### TRY IT:
Quote the listing below in its entirety, omitting every image.

───── COLLECTED DATA ─────

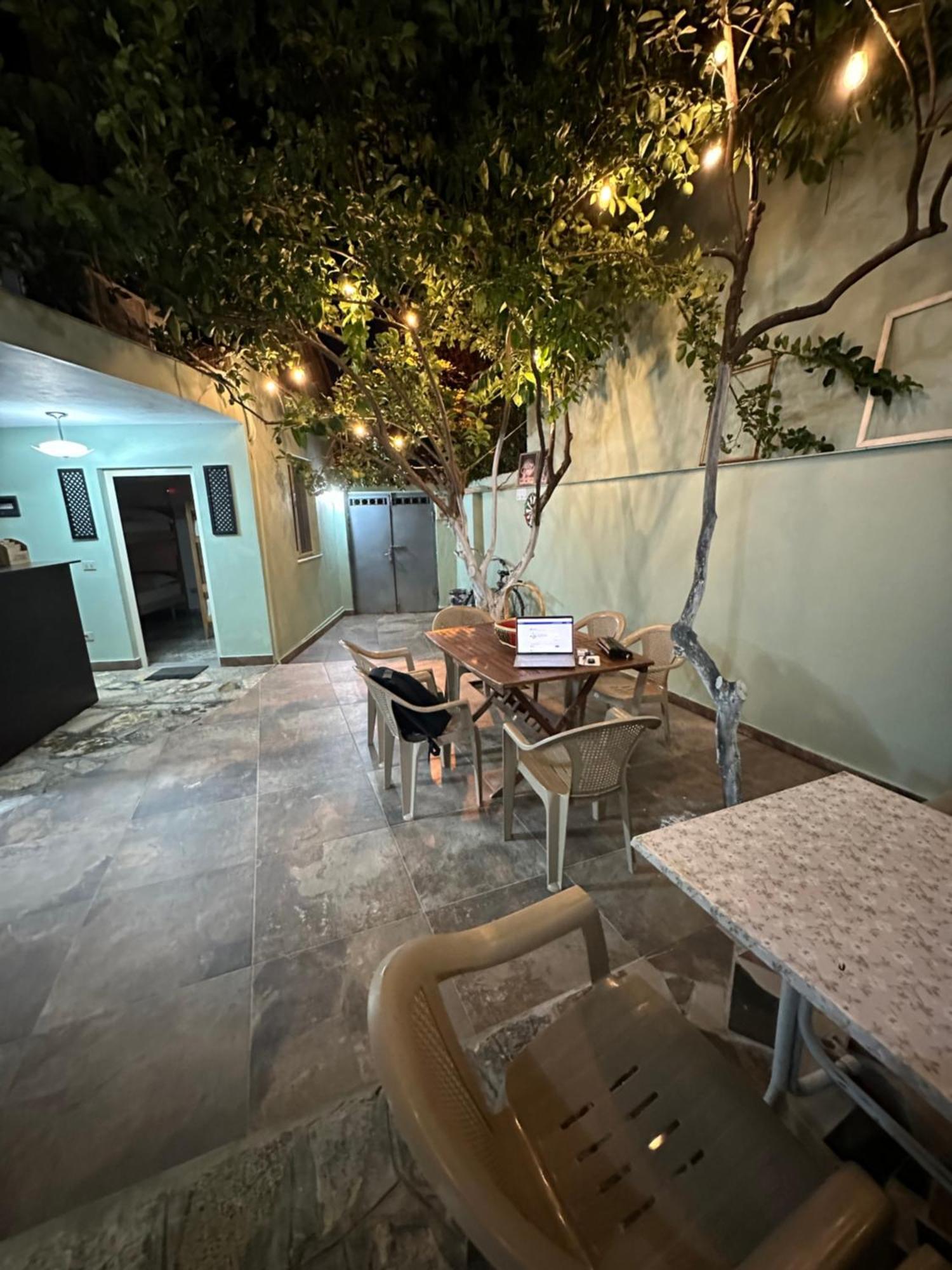 Tirana Lemon Breeze Hostel Buitenkant foto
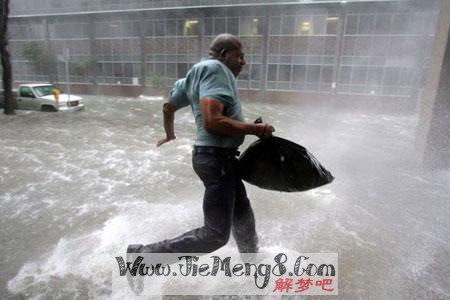 梦见被大雨淋湿全身：梦见大雨浇在身上什么意思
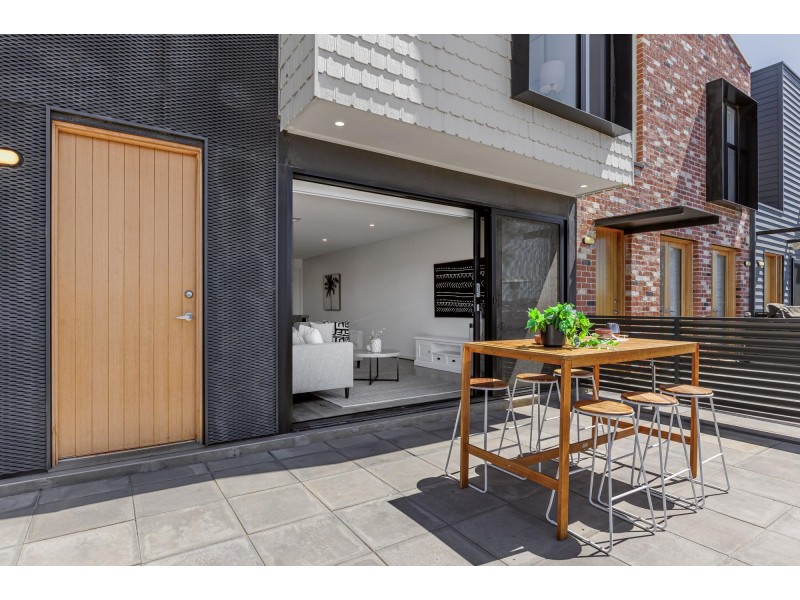43 Albany Lane, Port Adelaide SA 5015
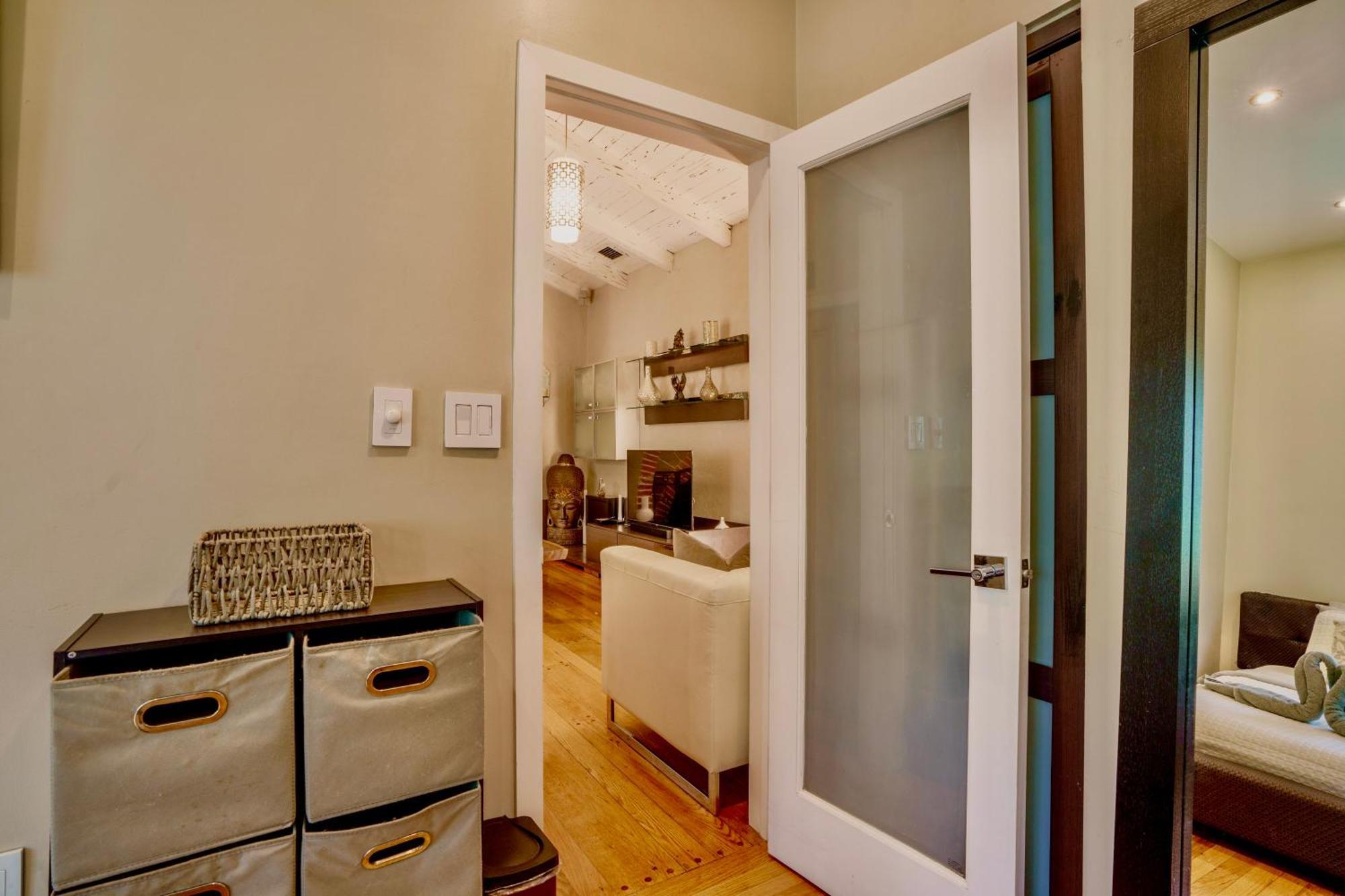 Entire Private Beautiful 2 Bedroom Plus Den House With Gated Front&Back Yard And Free Parking 10Min Drive To Miami Beach 외부 사진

─────

### ANSWER SECTION:
 Tirana Lemon Breeze Hostel Buitenkant foto
 梦见被大雨淋湿全身：梦见大雨浇在身上什么意思
43 Albany Lane, Port Adelaide SA 5015
 Entire Private Beautiful 2 Bedroom Plus Den House With Gated Front&Back Yard And Free Parking 10Min Drive To Miami Beach 외부 사진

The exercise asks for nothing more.